[Captioned web image data]
□ □ □

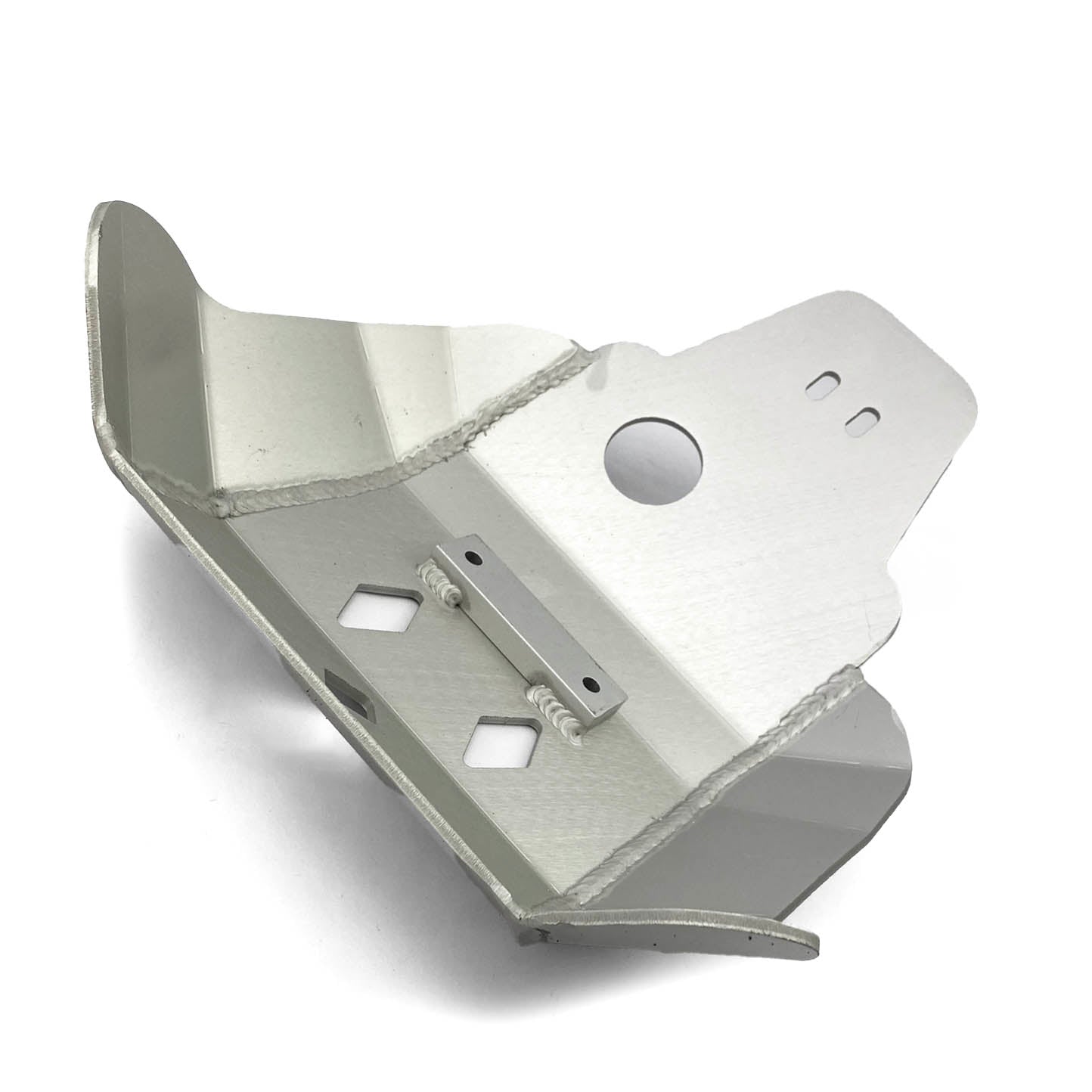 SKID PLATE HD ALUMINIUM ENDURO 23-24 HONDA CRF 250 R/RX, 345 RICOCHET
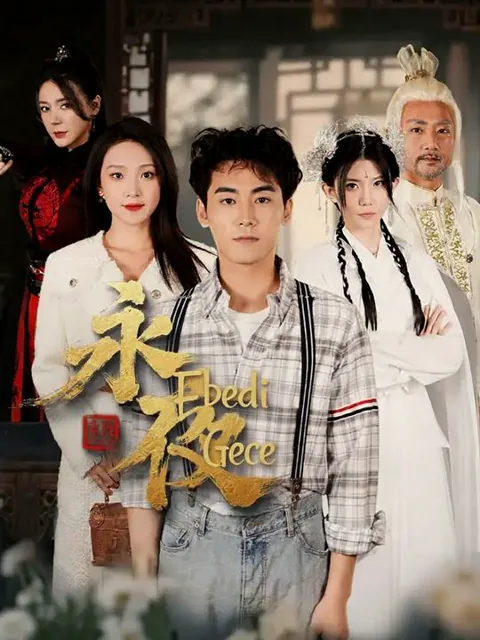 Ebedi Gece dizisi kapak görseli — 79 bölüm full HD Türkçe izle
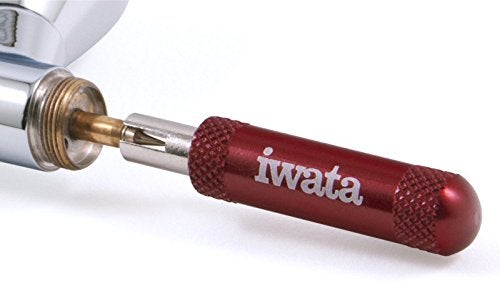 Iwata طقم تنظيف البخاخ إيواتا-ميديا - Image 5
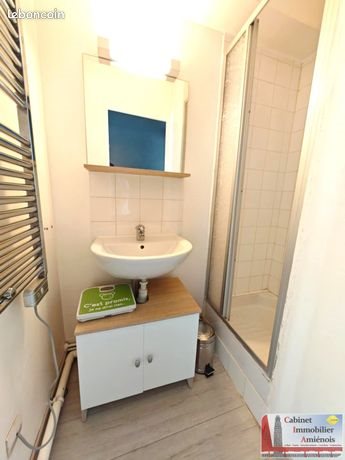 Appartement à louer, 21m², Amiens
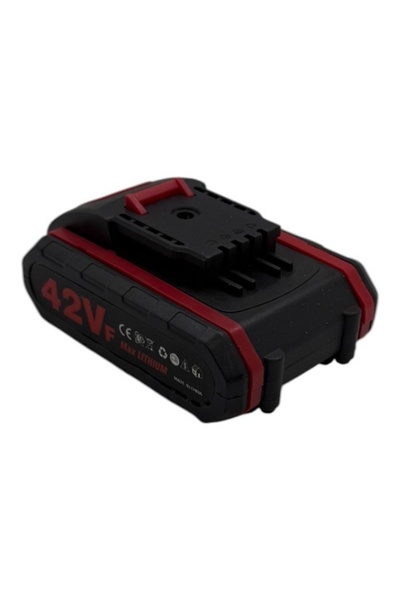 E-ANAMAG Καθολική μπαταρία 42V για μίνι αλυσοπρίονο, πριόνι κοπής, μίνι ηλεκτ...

□ □ □

◆ Required action: Print only the lines from the first line of the data above through the one containing "Appartement à louer, 21m², Amiens", exactly as they are, with pictures omitted.

◆ Expected output:
 SKID PLATE HD ALUMINIUM ENDURO 23-24 HONDA CRF 250 R/RX, 345 RICOCHET
 Ebedi Gece dizisi kapak görseli — 79 bölüm full HD Türkçe izle
 Iwata طقم تنظيف البخاخ إيواتا-ميديا - Image 5
 Appartement à louer, 21m², Amiens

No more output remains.